GIVEN RECORDS:

=== Section Start ===

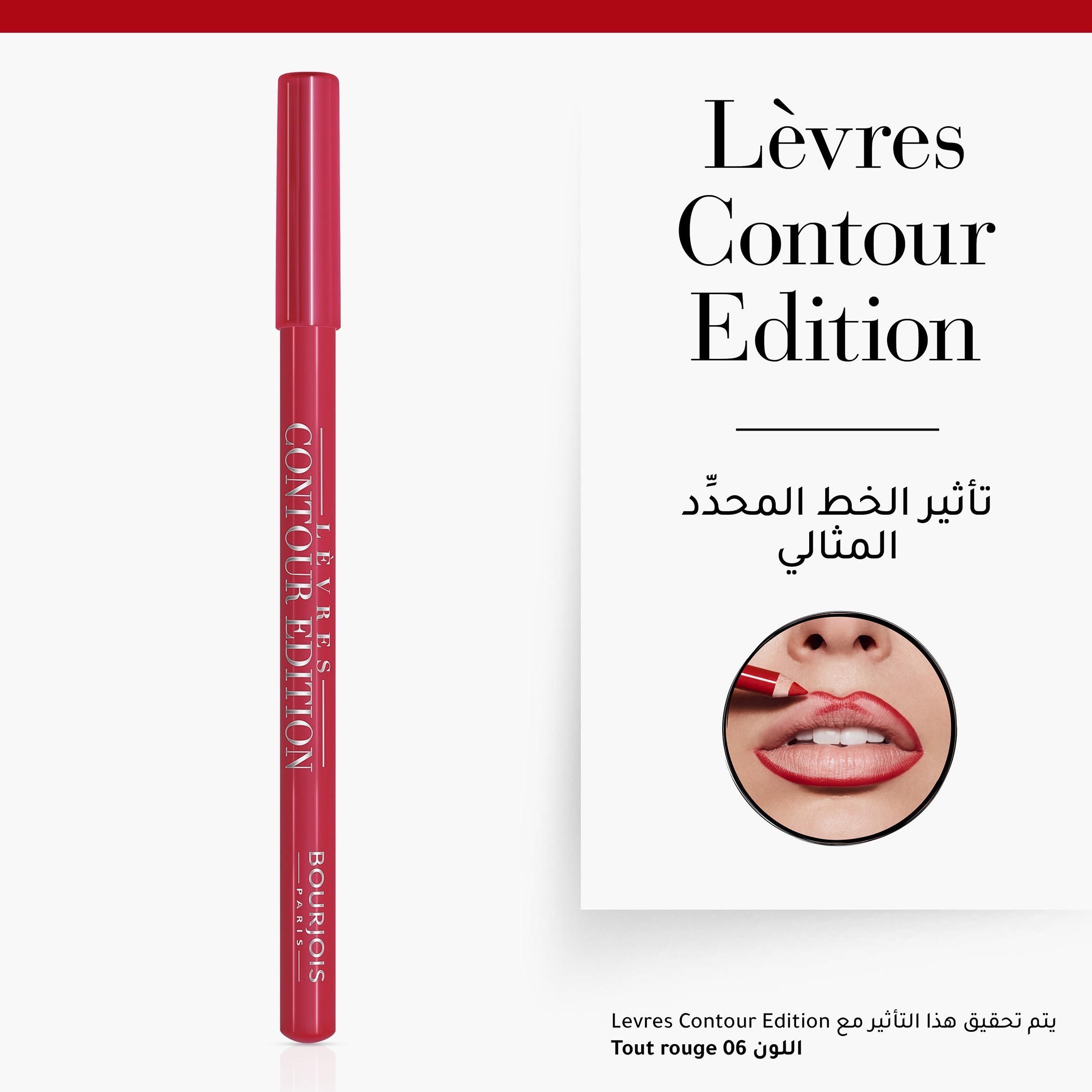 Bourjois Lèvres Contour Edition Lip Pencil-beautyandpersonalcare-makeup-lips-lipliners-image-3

=== Section End ===
=== Section Start ===

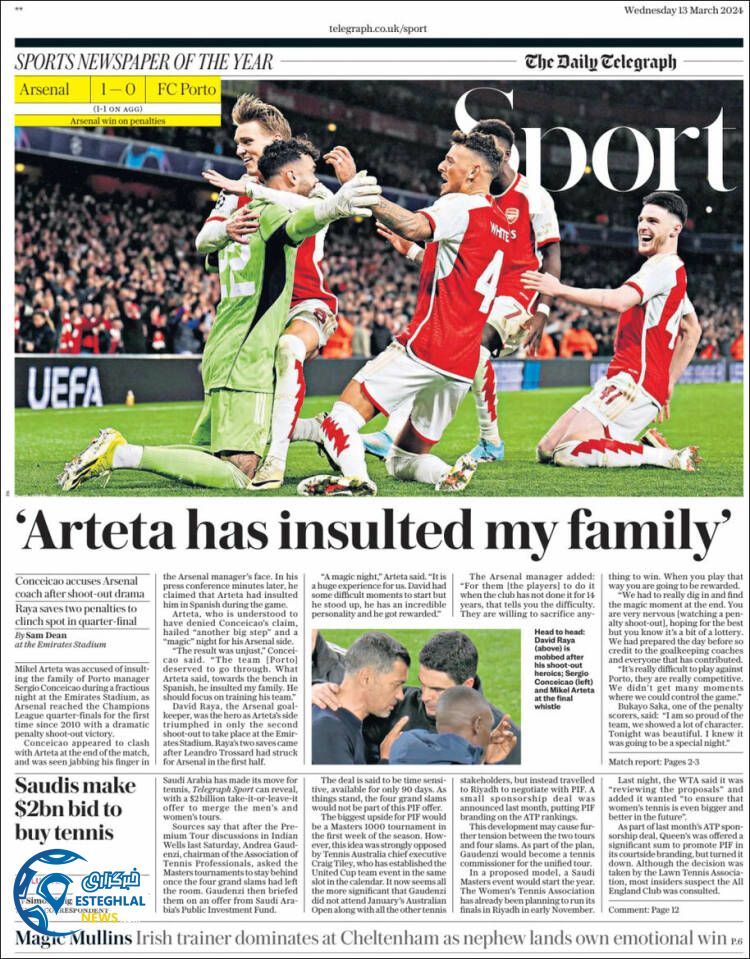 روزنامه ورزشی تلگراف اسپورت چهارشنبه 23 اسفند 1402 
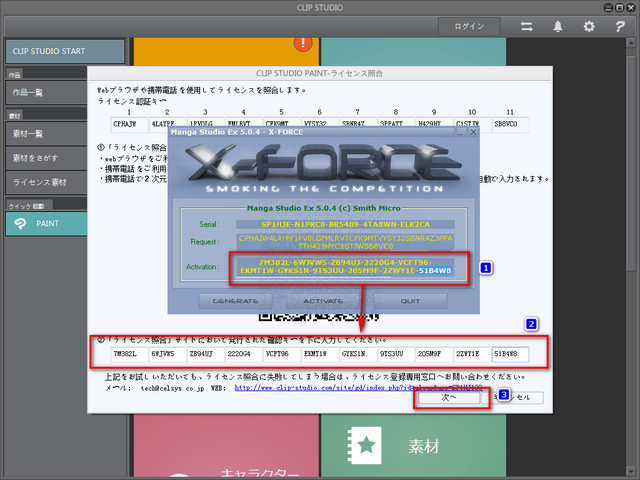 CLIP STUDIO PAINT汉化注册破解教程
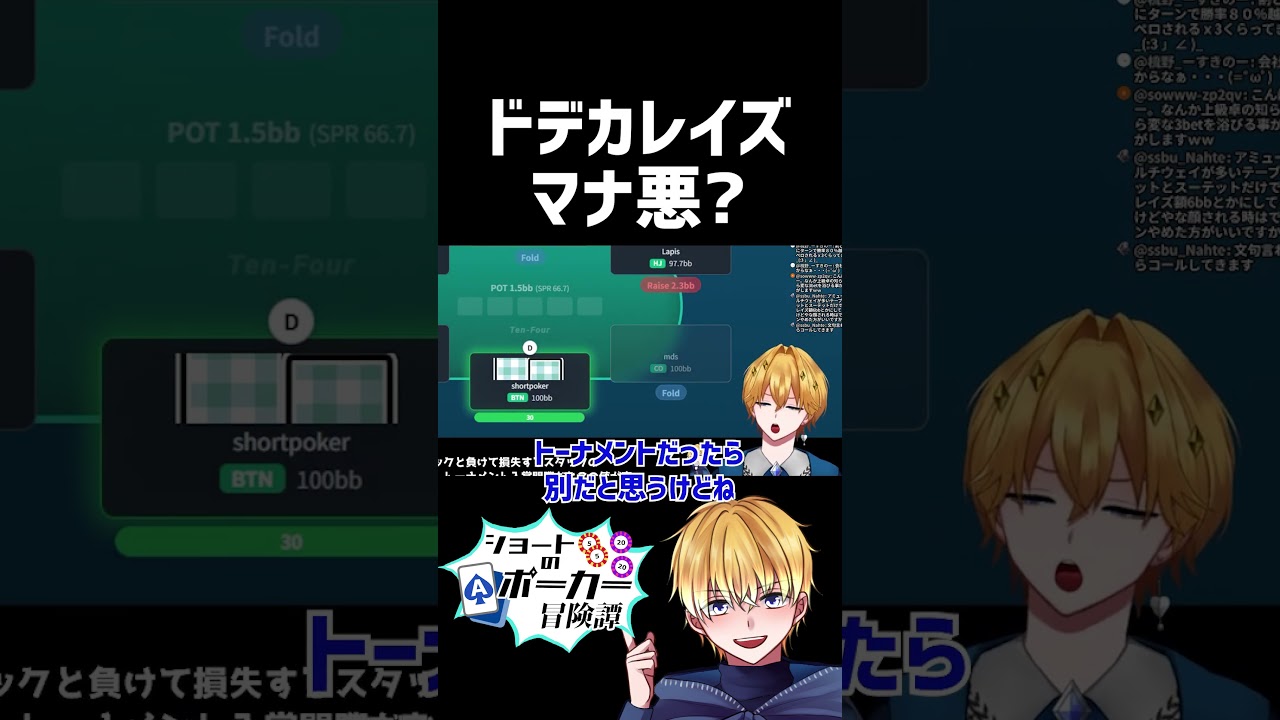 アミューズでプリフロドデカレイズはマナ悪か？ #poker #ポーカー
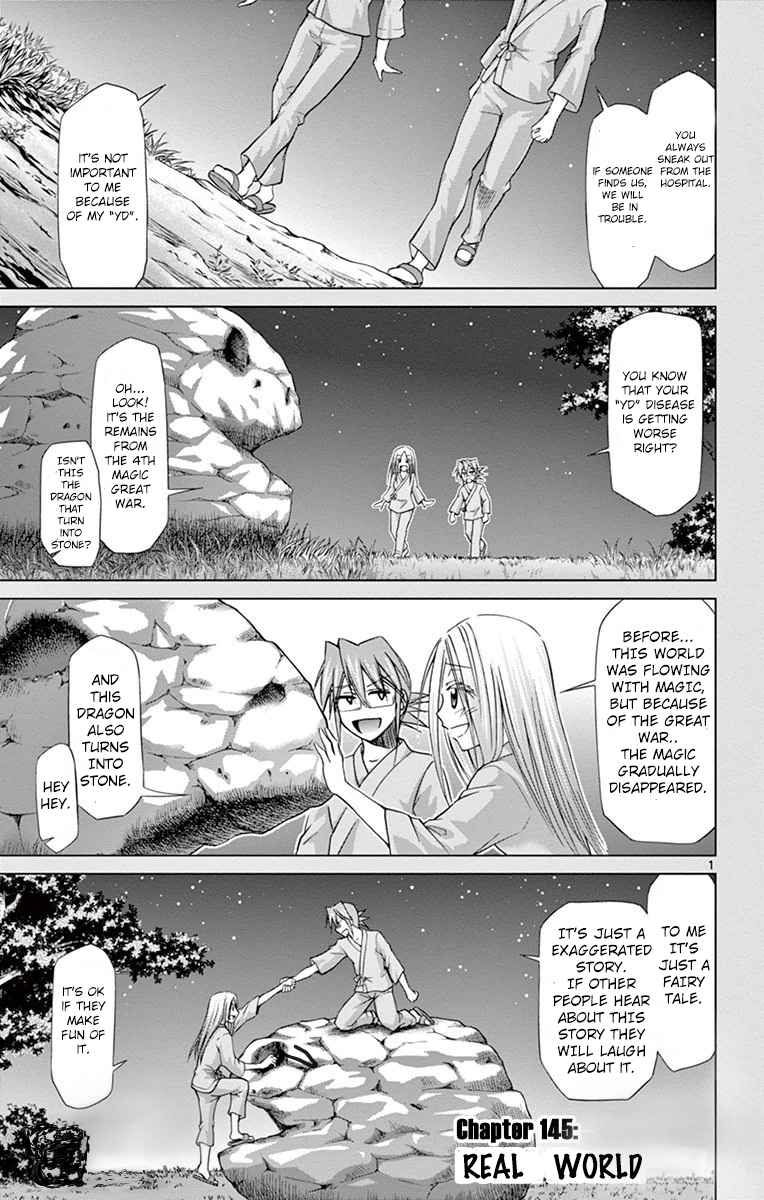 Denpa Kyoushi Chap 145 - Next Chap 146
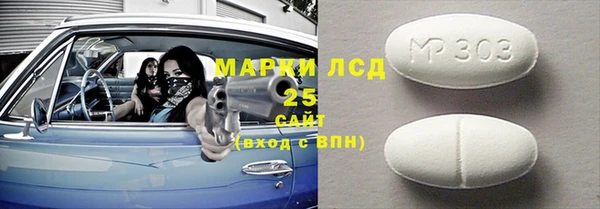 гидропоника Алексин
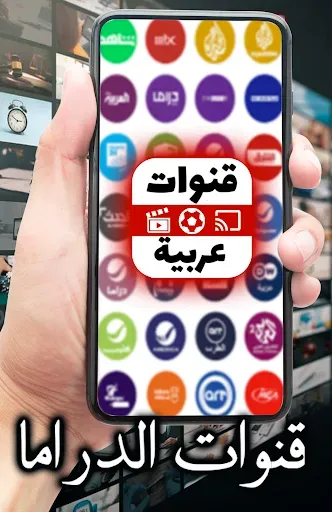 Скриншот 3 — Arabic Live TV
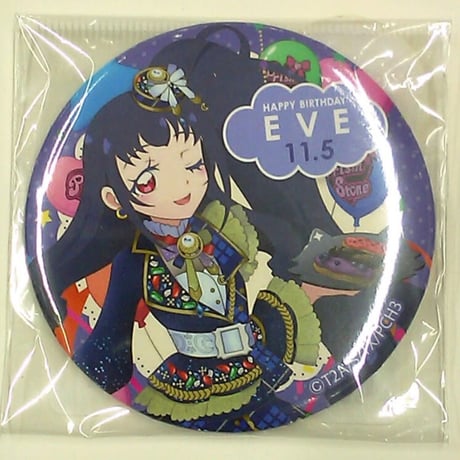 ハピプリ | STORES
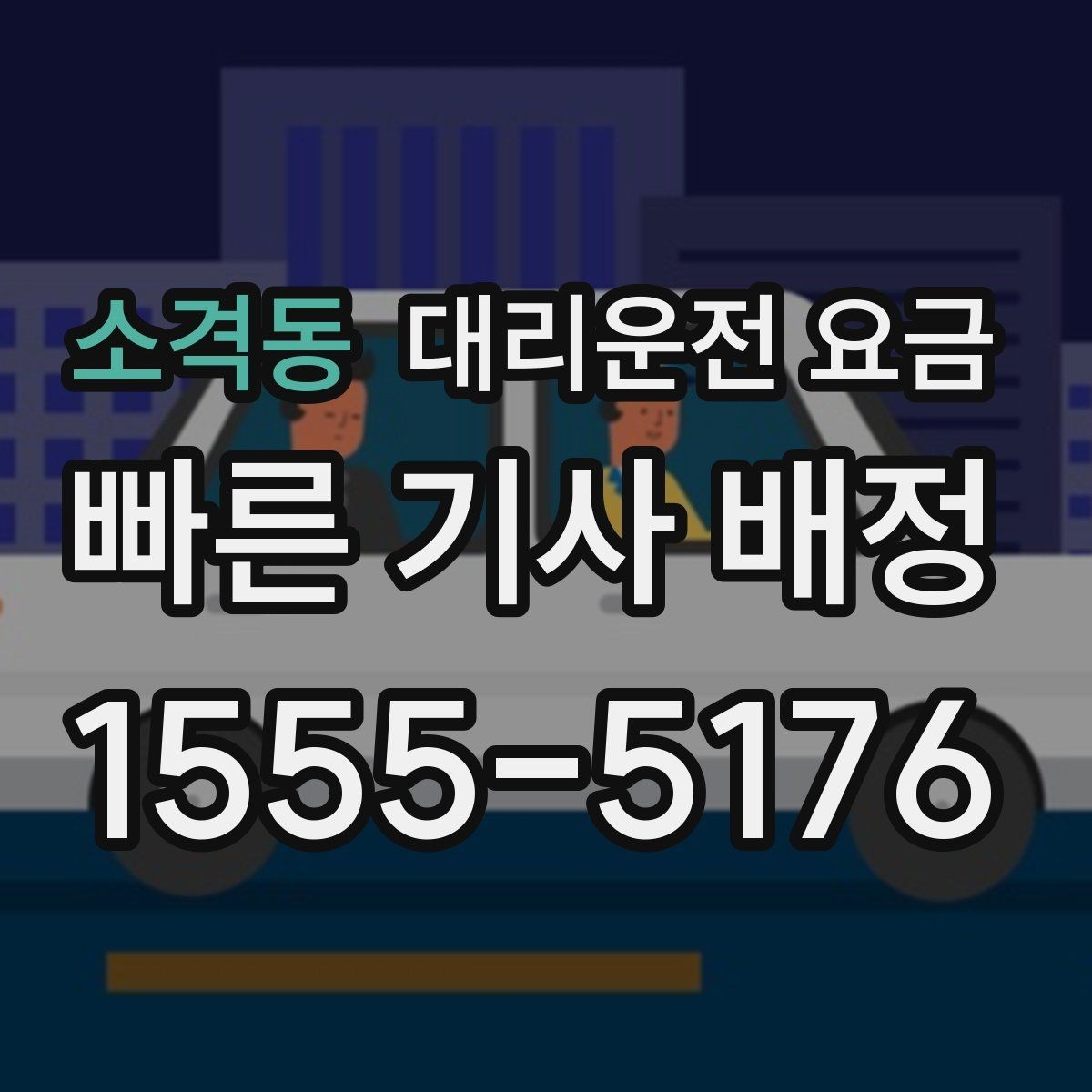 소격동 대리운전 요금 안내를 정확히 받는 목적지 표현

=== Section End ===
=== Section Start ===

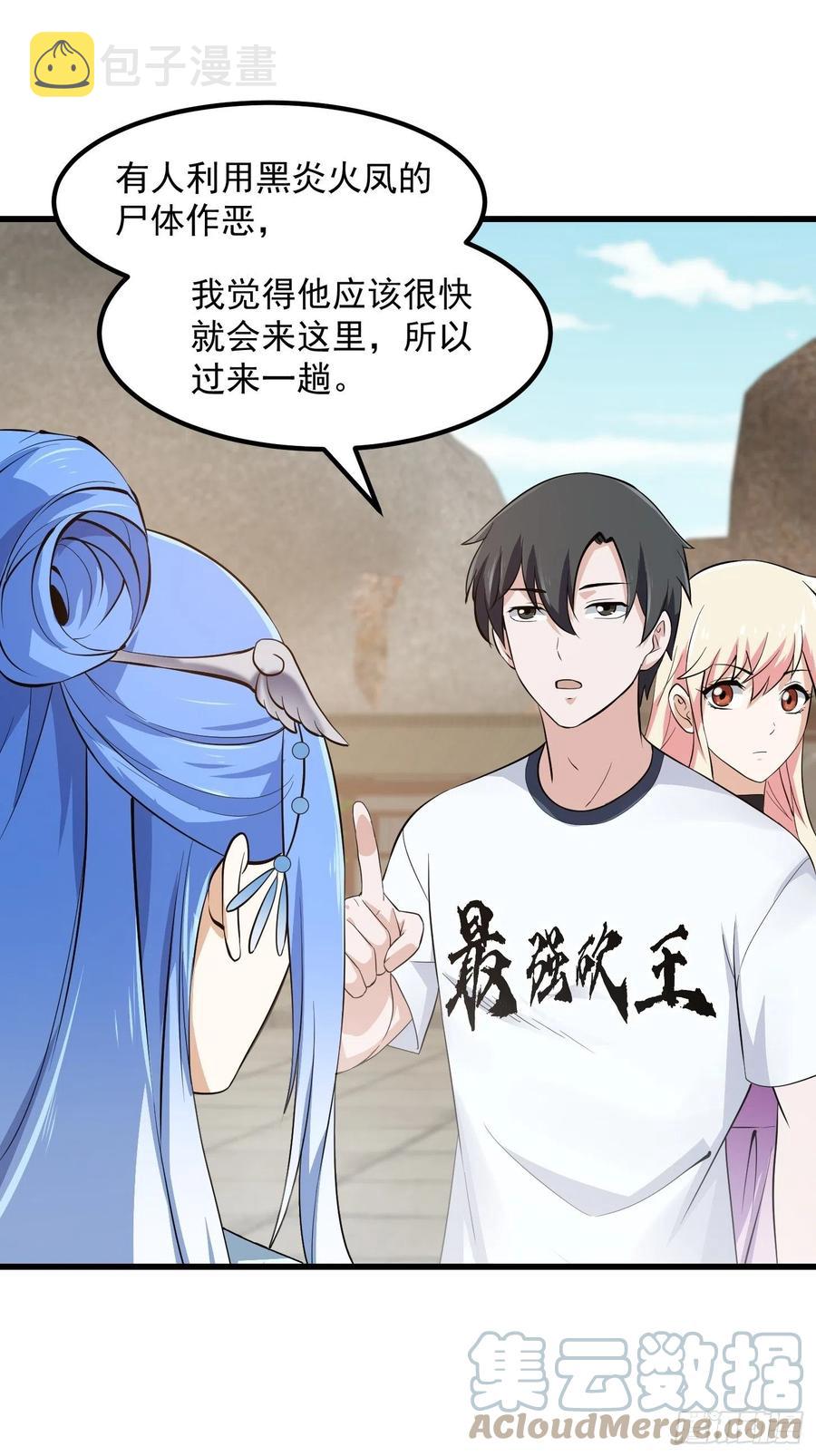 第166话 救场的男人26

=== Section End ===

WORK ITEM: Working from the records above, set down word for word everything from the line containing "アミューズでプリフロドデカレイズはマナ悪か？ #poker #ポーカー" down to the line containing "소격동 대리운전 요금 안내를 정확히 받는 목적지 표현", ends included, minus the pictures.

RESULT FOR THIS EXERCISE:
 アミューズでプリフロドデカレイズはマナ悪か？ #poker #ポーカー
 Denpa Kyoushi Chap 145 - Next Chap 146
 гидропоника Алексин
 Скриншот 3 — Arabic Live TV
 ハピプリ | STORES
 소격동 대리운전 요금 안내를 정확히 받는 목적지 표현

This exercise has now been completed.